To answer that question, Gertten follows UN Special Rapporteur On Adequate Housing Leilani Farha as she travels around the world meeting lower income people priced out of housing through insane rent hikes or the deliberate construction of luxury condominiums.  The Blackstone Group in particular has a housing business model built on buying up low income housing and seeing how much more rental money they can shake out of tenants. Government officials who treat Blackstone’s predations as a fait accompli do nothing to help curb Blackstone’s abuses.

It takes interviews with Saskia Sassen (global cities theorist), Joseph Stiglitz (Nobel Prize-winning economist), and Roberto Saviano (author of the Camorra expose Gomorrah) to reveal that the classic investigative advice to “follow the money” becomes key to understanding the roots of the worldwide housing crisis.  Specifically, the interests that have propagated this crisis don’t see housing as a human right. To them, a single family home is a capitalist good.   Housing is either a better investment vehicle than stocks (the Asian investor attitude) or it’s a great way to launder ill-gotten gains (the Camorra approach).  Gertten unfortunately resists the temptation at this point to make jokes about the thin divide between corporate behavior and organized crime.

Farha, for her part, declines to go the condemning capitalism route.   She admits to being a fan of capitalism. Yet that fandom makes the Rapporteur look naive as she hopes to have a conversation with Jonathan Gray, the Blackstone Group’s Head of Global Real Estate.  Farha hopes that by talking to Gray about the human consequences of Blackstone’s actions, the conversation may shift Blackstone’s economic extractive behavior. That hope goes about as well as the cynical-minded suspects.

To the Rapporteur’s credit, she isn’t a naif who’s unaware of the uphill battle she faces.  The large gap between current human rights law and its ability to address the global housing crisis is glaringly obvious.  A scene where Farha makes a presentation on the housing problem to a UN meeting gets brutally captured by Gertten as a moment where way too many attendees treat the Rapporteur’s presentation as so much background noise.
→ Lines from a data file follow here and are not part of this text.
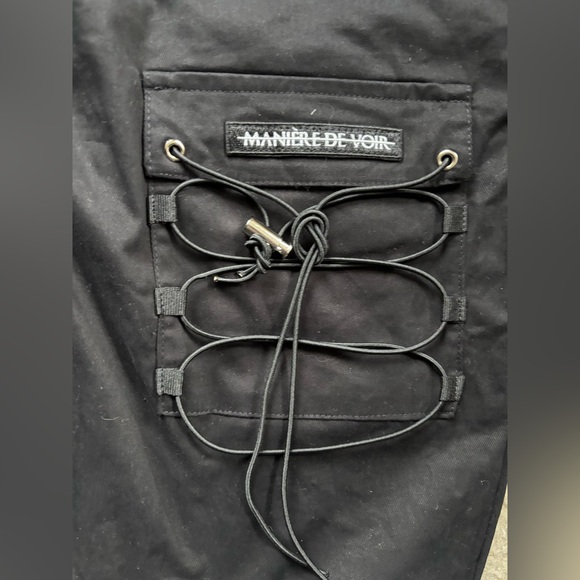 Manière De Voir Black Bungee Cord Lace-Up Cargo Jogger Pants Size 8 NWT - Picture 9 of 11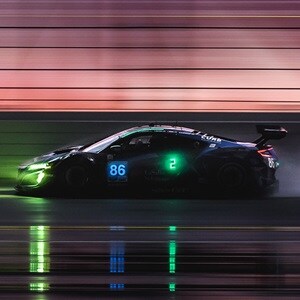 Acura NSX GT3 Evo #86 racing at night Acura NSX GT3 Evo #86 racing at night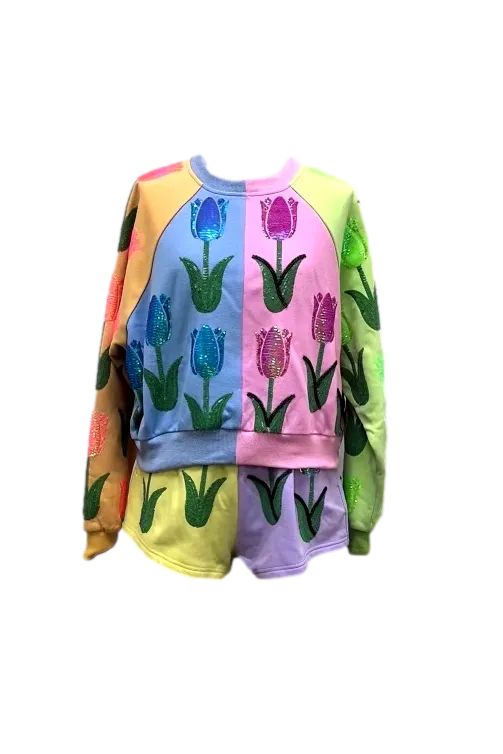 Queen Of Sparkles Neon Colorblock Tulip Sweatshirt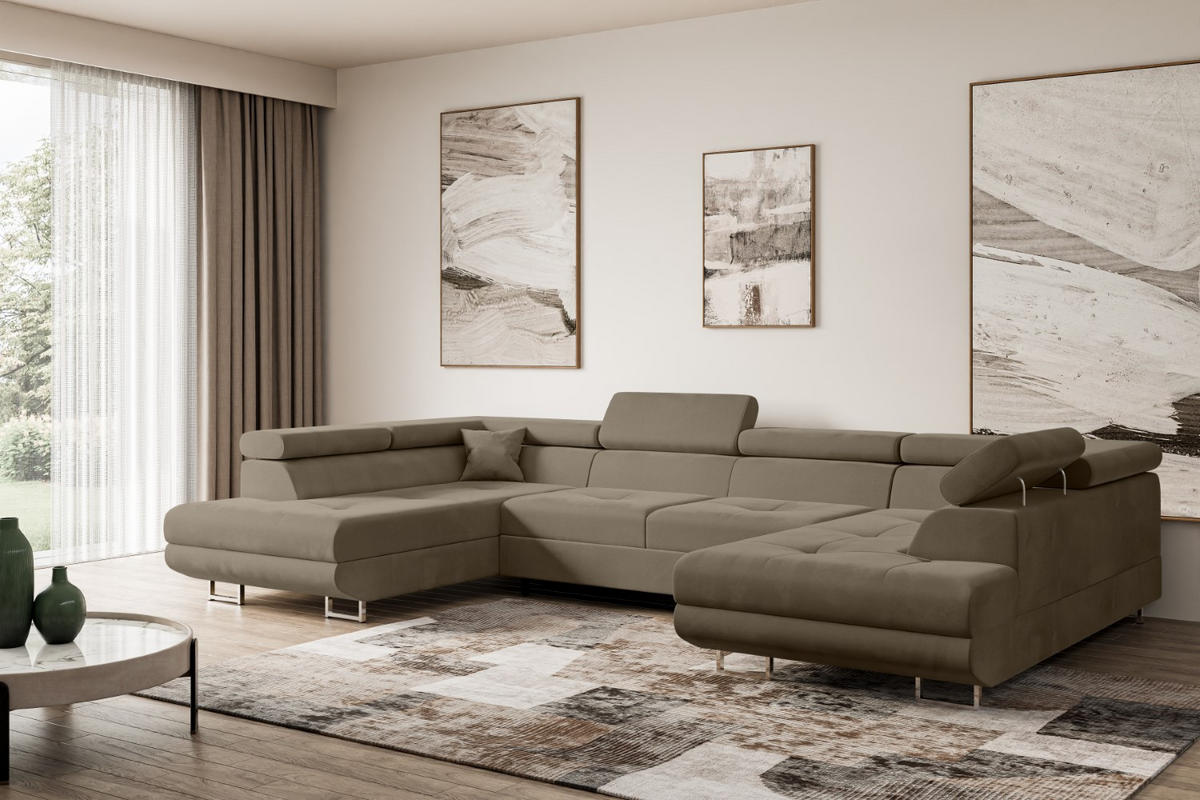 WOHNLANDSCHAFT mit Schlaffunktion und Bettkasten GUSA-U 342x202x107 cm Braun Velours - Silberfarben/Braun, Holzwerkstoff/Textil (342/107/202cm) - ALTDECOR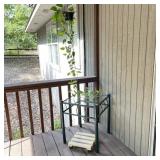 Live Ivy, Rolling Wood Plant Stand, Glass Top Live Ivy, Rolling Wood Plant Stand, Glass Top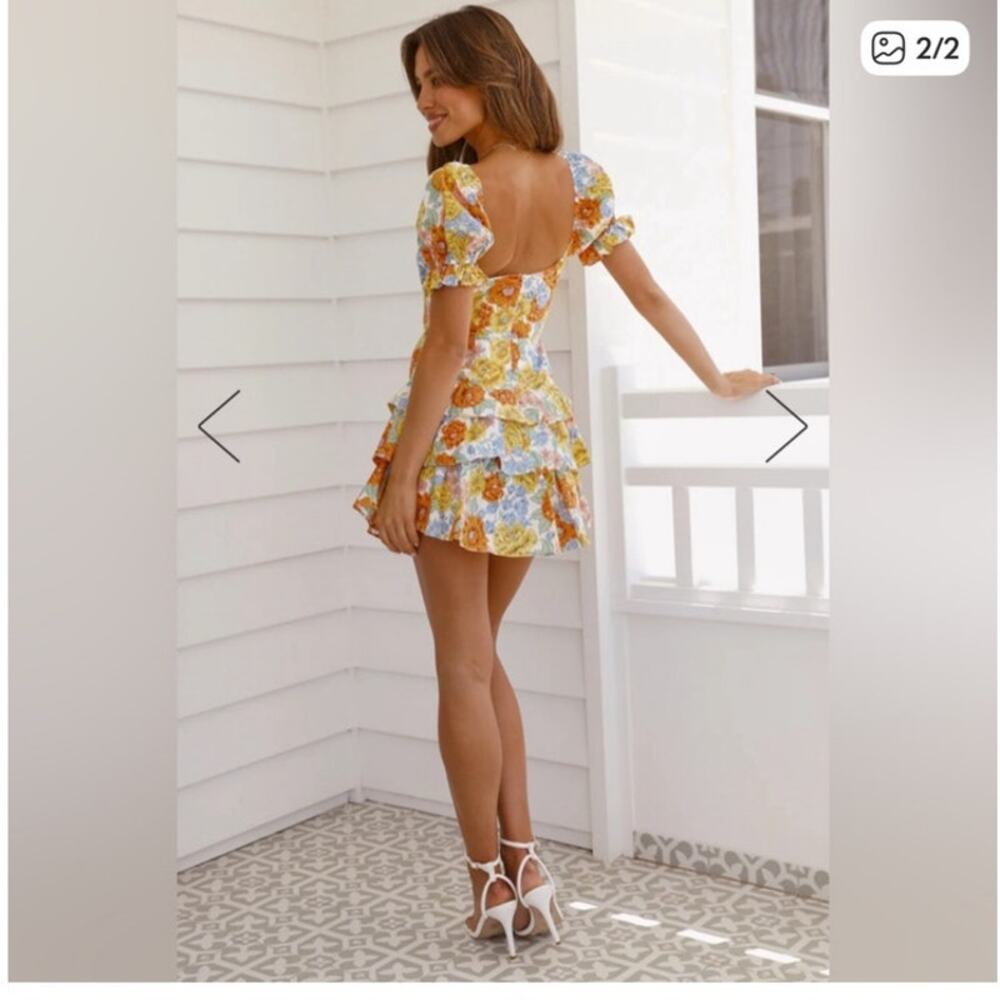 Hello Molly Floral Mini Dress in Yellow, Orange & Blue - Picture 2 of 5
Yet to sink into despair and hopelessness is not a feasible option.  Doing so means letting London’s notorious Grenfell Tower fire remain in public consciousness as a simple tragedy instead of a symbol of the failure of not treating housing as a human right.  Isn’t it reasonable to suspect upmarket residents of the neighboring Notting Hill district resented the presence of the public housing tower? Or that displaced Grenfell Tower residents’ resettlement offers took them out of the Notting Hill area and even London itself?
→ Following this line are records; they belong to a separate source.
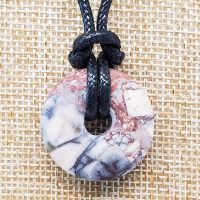 Mens Boho Mexican Porcelain Jasper Pendant Necklace - 18 Inch Surfer Style Natural Stone Jewelry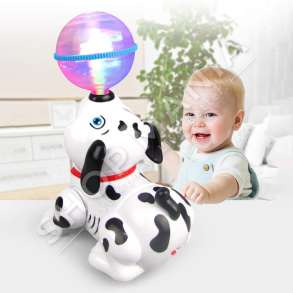 QENUSH DALMAT ME DRITA & MUZIKE +3VJEC "DANCING DOG MUSICAL TOYS WITH FLASHING LIGHTS AND 360 DEGREE ROTATION" - T189-323A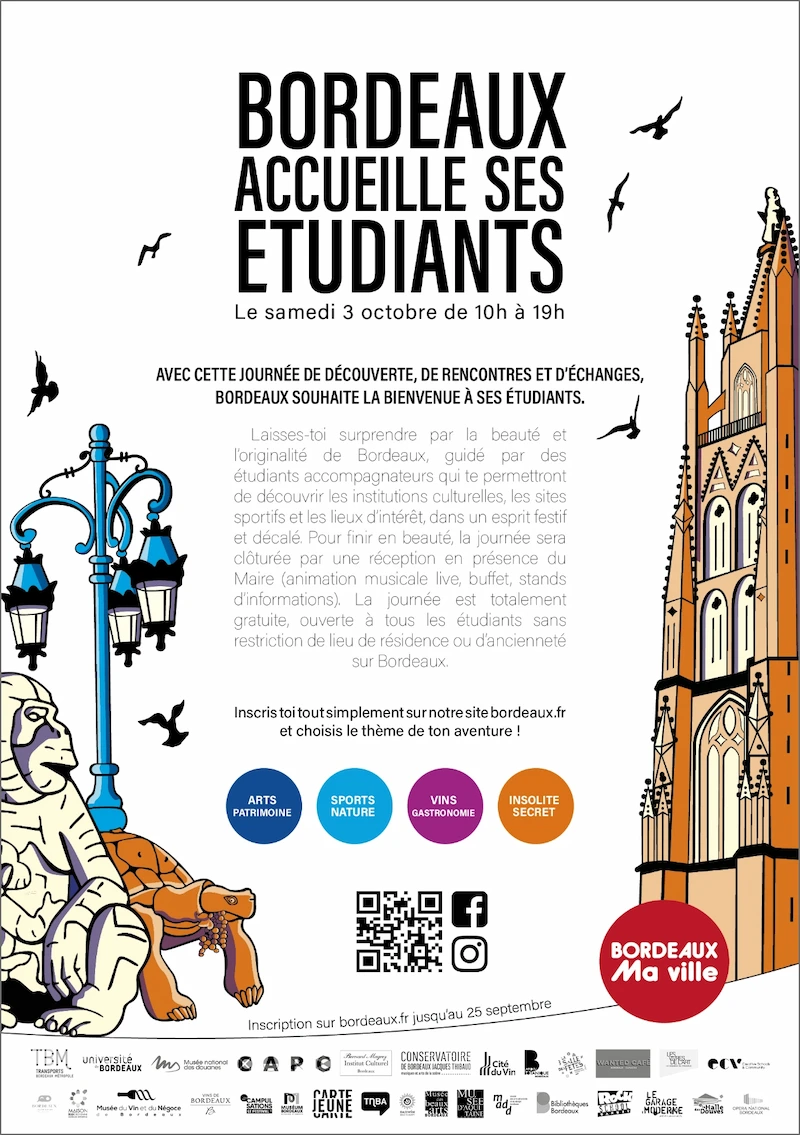 Flyer A4 recto — informations et pictogrammes de l’événement étudiant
Despite the at-times heartbreaking stories captured on-screen, Gertten’s “Push” never sinks into utter despair.  The filmmaker sprinkles throughout the film encounters with people resisting the push of housing speculators and investors.  Florian Schmidt, a Berlin District Commissioner, embodies the Kreuzberg area’s spirit of rebellion by fighting efforts to price long-term businesses out of the area.  Tenants who’ve waged successful rent strikes share their knowledge and experience with other tenants facing insane rent hikes. Pension funds become an unexpected avenue for fighting housing speculation.  And of course, there is squatting. (As a caveat, it is not the place of this reviewer to openly condone illegal activity. However, it is also not this reviewer’s place to pretend housing speculation which creates blocks of deliberately unoccupied housing just to fatten the speculator’s assets is a relatively harmless practice.)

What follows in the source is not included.